Bezos killed the paper’s endorsement of Kamala Harris in the presidential race and then stripped its opinion pages of any pundit not devoted to a free-markets ideology. The result has been disaster, as Nate Silver recently pointed out in his Silver Bulletin newsletter.
The Post’s circulation and influence have plummeted since its editorial page moved rightward. Witness Silver’s chart based on stats from Memeorandum, a website that tracks political coverage and tallies which stories are getting widely circulated via links:
And now, not surprisingly, the Post’s leadership is contemplating massive layoffs.
The Post’s saga proves that when a news organization decides to narrowcast rather than seek a wide audience, its prospects and significance plummet. And while she says she’s aiming for viewers in “the center,” Weiss is clearly narrowcasting CBS News to align with her center/right views.
The result is a series of confounding moves, such as:
Withholding a “60 Minutes” report on the El Salvadoran prison where ICE prisoners are being sent, all in vain hope of getting on-camera comment from the Trump administration, which is notorious for ghosting reporters seeking comment on critical stories.
Infusing “CBS Evening News” with drivel, including a report on the secretary of state that ended with the embarrassing send-off: “Marco Rubio, we salute you! You’re the ultimate Florida man!”
Hiring 19 center-right or center-eccentric commentators who, predictably, will deliver commentary rather than news.
That last decision may be intended to save costs, given that hiring pundits is way cheaper than sending reporters into the field worldwide. But it also seems as if Weiss is trying to remake CBS into a broadcast version of the Free Press — a network that favors conservative punditry over reporting.
I find it sad. I grew up watching “The CBS Evening News with Walter Cronkite” during the Watergate era, and that newscast pretty much served as the gateway drug to my lifelong addiction to journalism. It hurts to see CBS News denuded and politicized.

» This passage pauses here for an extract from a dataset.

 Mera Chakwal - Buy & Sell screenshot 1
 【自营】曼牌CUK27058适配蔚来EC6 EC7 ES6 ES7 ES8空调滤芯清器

Of course, CBS has to move with the times. Viewer habits are changing and the network news audience is aging. In order to survive, traditional news broadcasts have to find a new model that somehow fits the streaming era.
So Weiss was probably right when she told her staff that if the network doesn’t change, “we’re toast.” But I’m afraid that with her moves so far, she unwittingly put it in the toaster.
MUSICAL CODA: The Velvet Underground, “I’ll Be Your Mirror”



The WaPo comparison is really telling. The narrowcasting approach basically trades long-term credibility for short-term ideological comfort, and we've seen how that plays out already. The point about her lacking actual reporting experience makes sense too. Running a commentary outlet vs running a news operation are fundementally different skill sets. Interesting to see if CBS viewership data shifts in the coming months.
Jerry, As Lawrence O'Donnell recounts almost every night, why is the White House press corps so feeble?